These look like custom CSS properties (CSS variables) likely used by a component or design system for controlling an animation. Explanation:
- -sd-animation: sd-fadeIn;
- Purpose: names the animation to run. Here it references a custom animation keyframe set called “sd-fadeIn”.
- Usage: read by component CSS or JS to apply the appropriate animation rules.
- –sd-duration: 250ms;
- Purpose: sets the animation duration to 250 milliseconds.
- Usage: typically used in an animation shorthand or transition property: animation-duration: var(–sd-duration);
- –sd-easing: ease-in;
- Purpose: sets the animation timing function (easing) to ease-in.
- Usage: applied as animation-timing-function: var(–sd-easing);
Typical pattern to implement these variables in CSS:
:root {–sd-duration: 250ms; –sd-easing: ease-in; -sd-animation: sd-fadeIn;}
.my-element { animation-name: var(-sd-animation); animation-duration: var(–sd-duration); animation-timing-function: var(–sd-easing); animation-fill-mode: both; /* optional: keep end state */}
@keyframes sd-fadeIn { from { opacity: 0; transform: translateY(4px); } to { opacity: 1; transform: translateY(0); }}
Notes:
- The leading single dash in -sd-animation makes it a non-standard custom property name; custom properties normally start with – (two dashes).

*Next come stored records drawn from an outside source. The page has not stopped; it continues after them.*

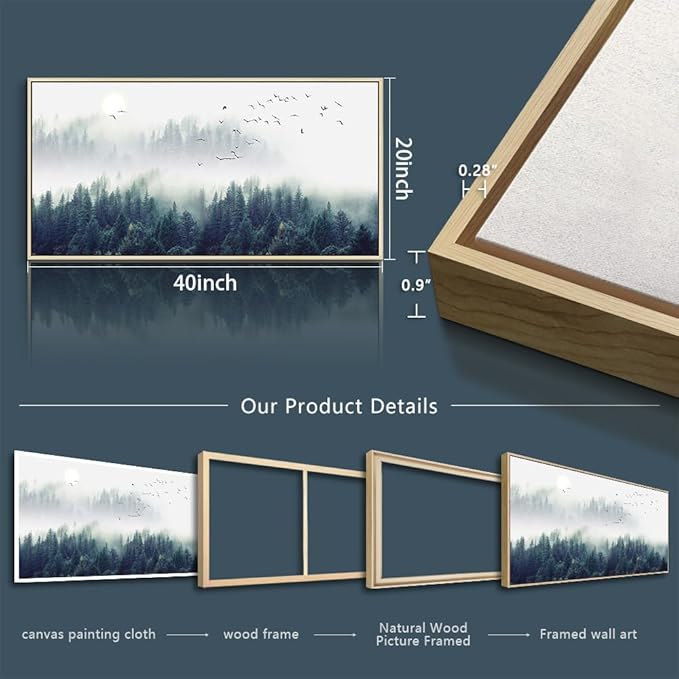 Framed Canvas Wall Art For Living Room Large Size Wall Decor For Bedroom Foggy Forest Trees Landscape Painting Wall Decorations Modern Home Decor Canvas Pictures Artwork Natural Framed 20" X 40"
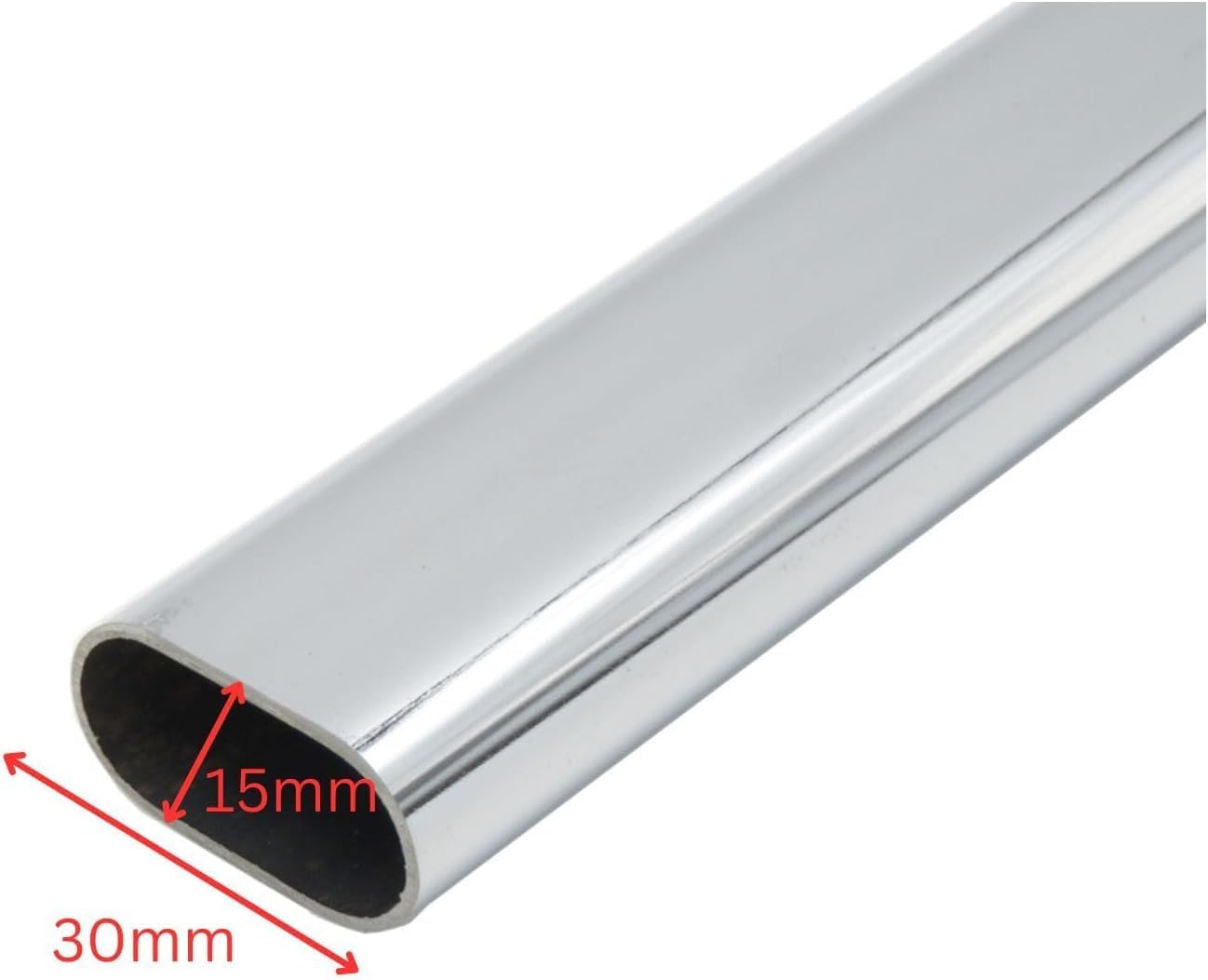 12-Case ProPack Welded Steel 24" Long Oval Heavy-Duty Wardrobe Closet Rods in Polished Chrome or Black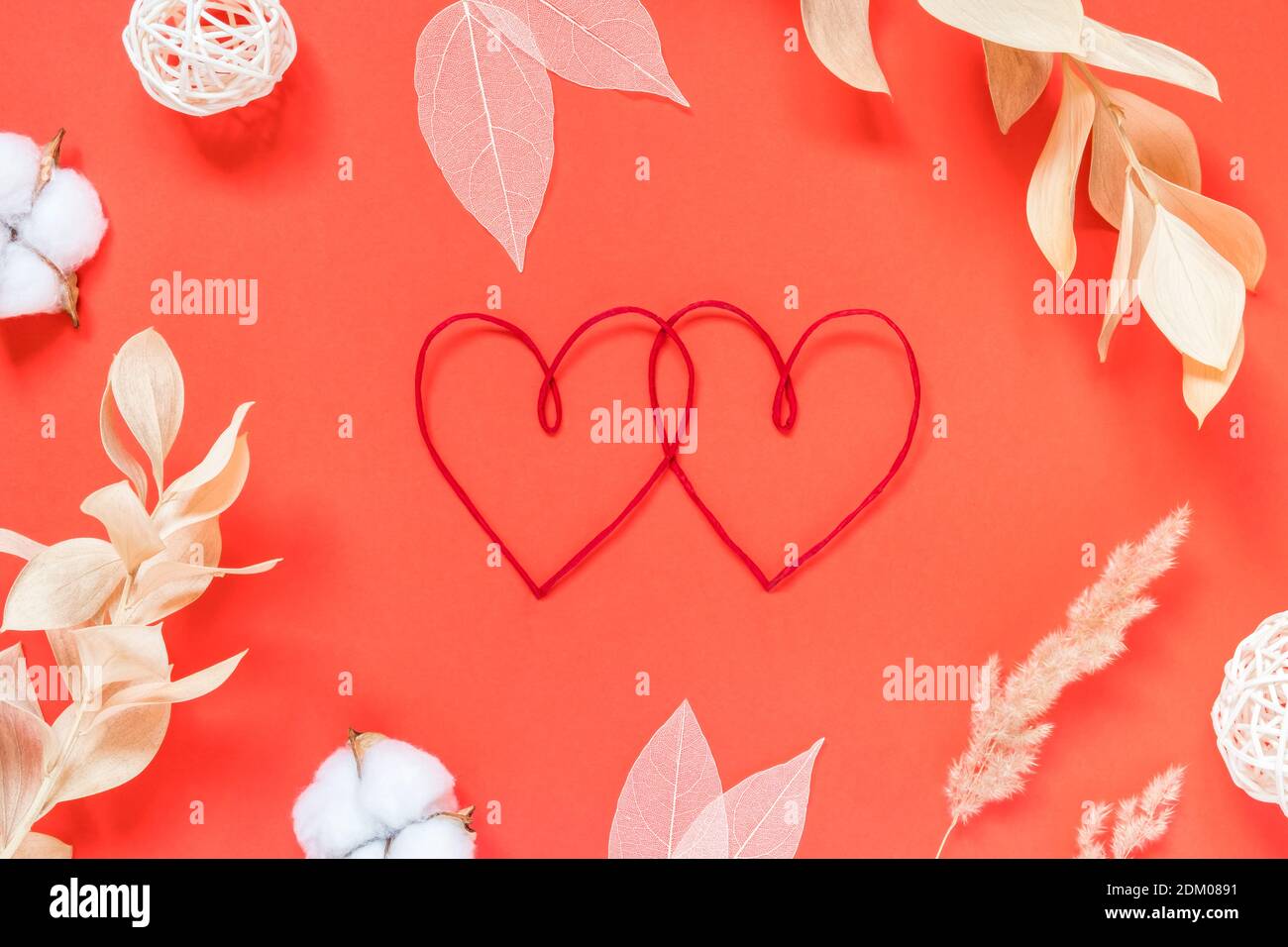 Saint-Valentin, amour, concept romantique. Coeurs rouges et différentes fleurs séchées sur fond rouge. plat. Banque D'Images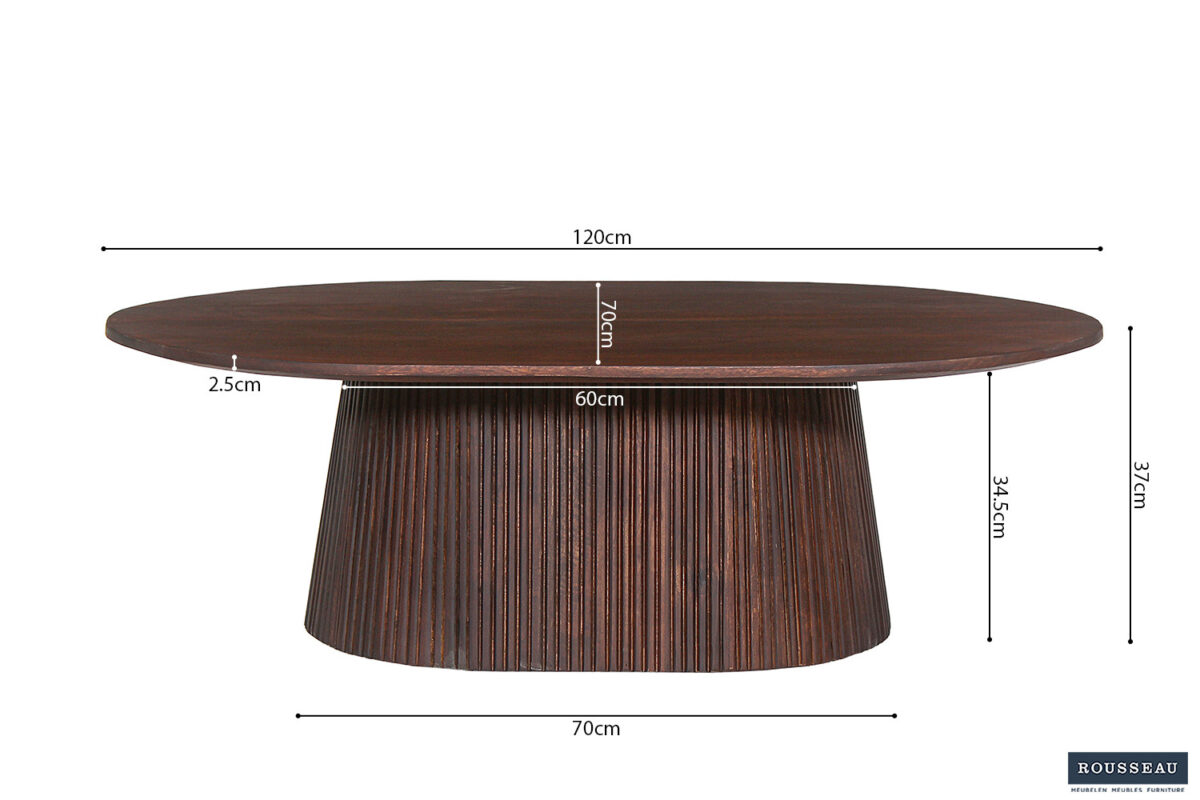 Salontafel Bilbao Ovaal 120 cm donkerbruin mangohout Japandi – foto 6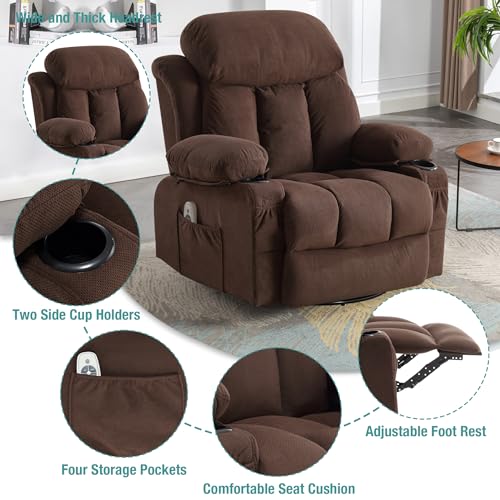 Massage Recliner Chair with Heat and Vibration, Breathable Fabric Ergonomic Single Sofa Chair X60644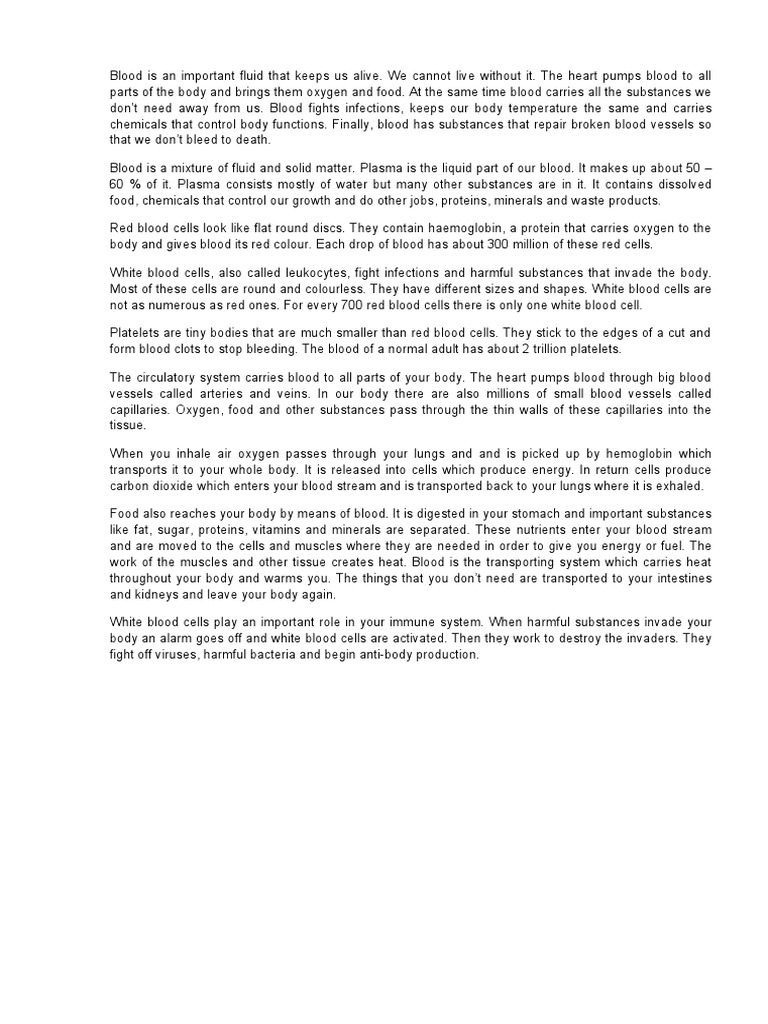 Blood Worksheet PDF Blood Human Body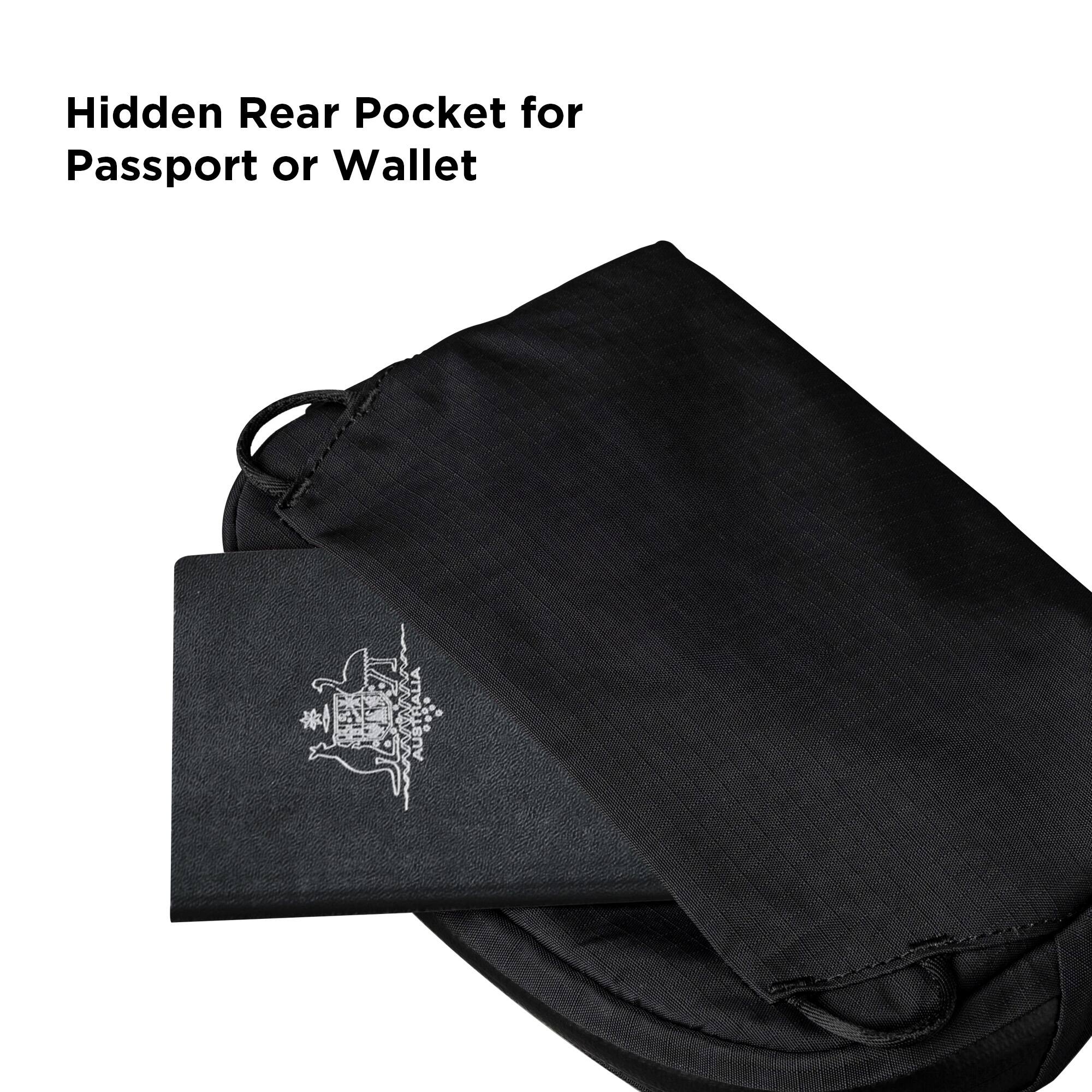 Hidden Rear Pocket for Passport or Wallet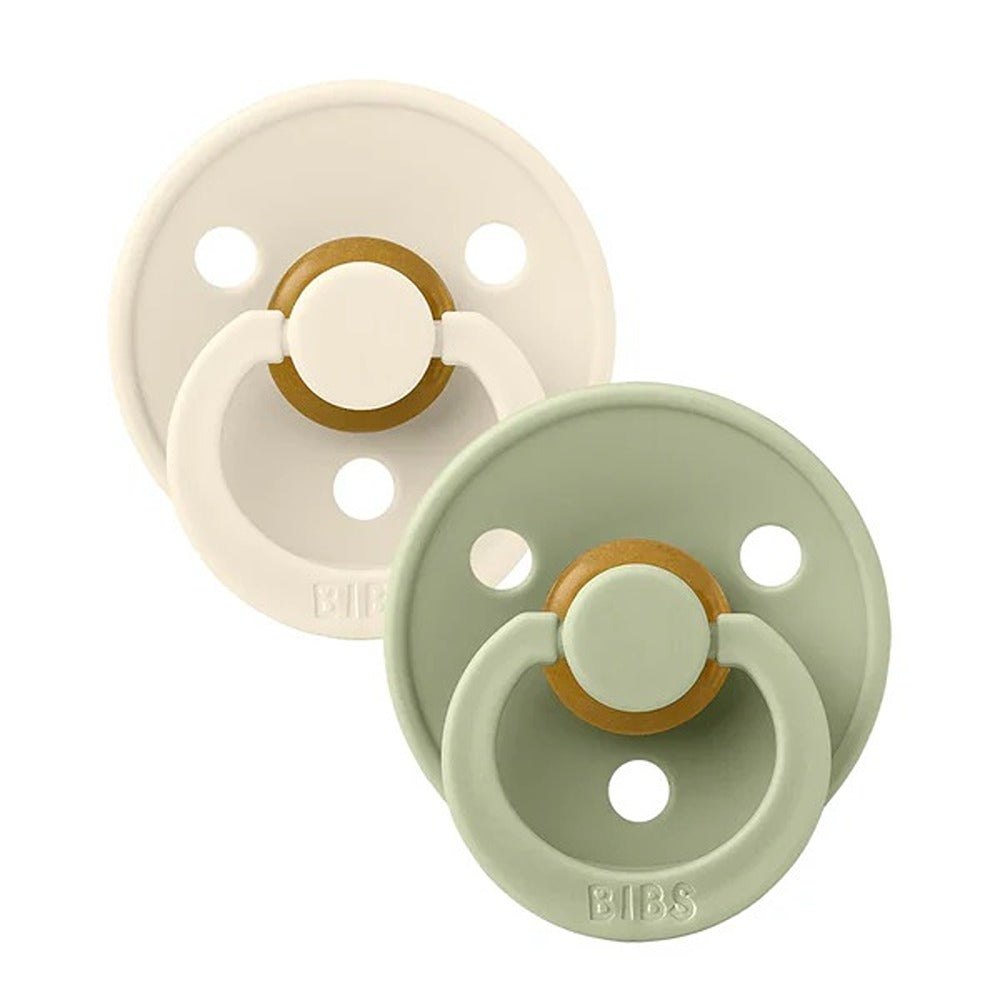 Bibs Colour Set 2 Ciucci Tettarella Anatomica In Lattice Di Gomma Naturale Avorio E Salvia 0-6 Mesi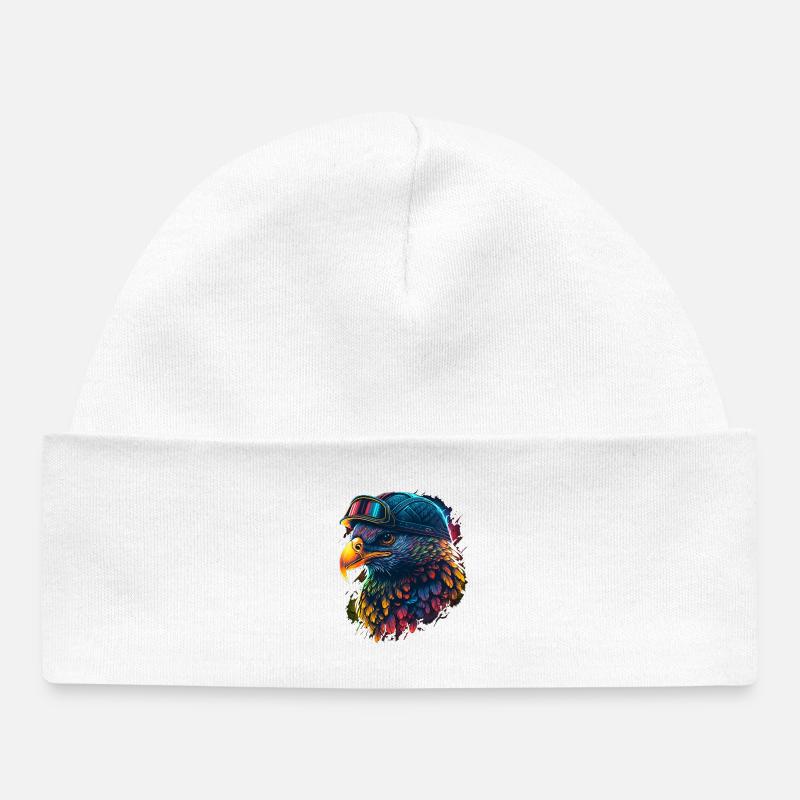 Aigle coloré en casque hitech - Bonnet bébé bio - blanc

Using a single dash is nonstandard and may not be parsed as a CSS variable in all contexts — prefer –sd-animation unless the component specifically expects -sd-animation.
- Use var(–sd-duration, 250ms) to provide fallbacks.
- You can also control other animation aspects via variables: –sd-delay, –sd-iteration-count, –sd-fill-mode, etc.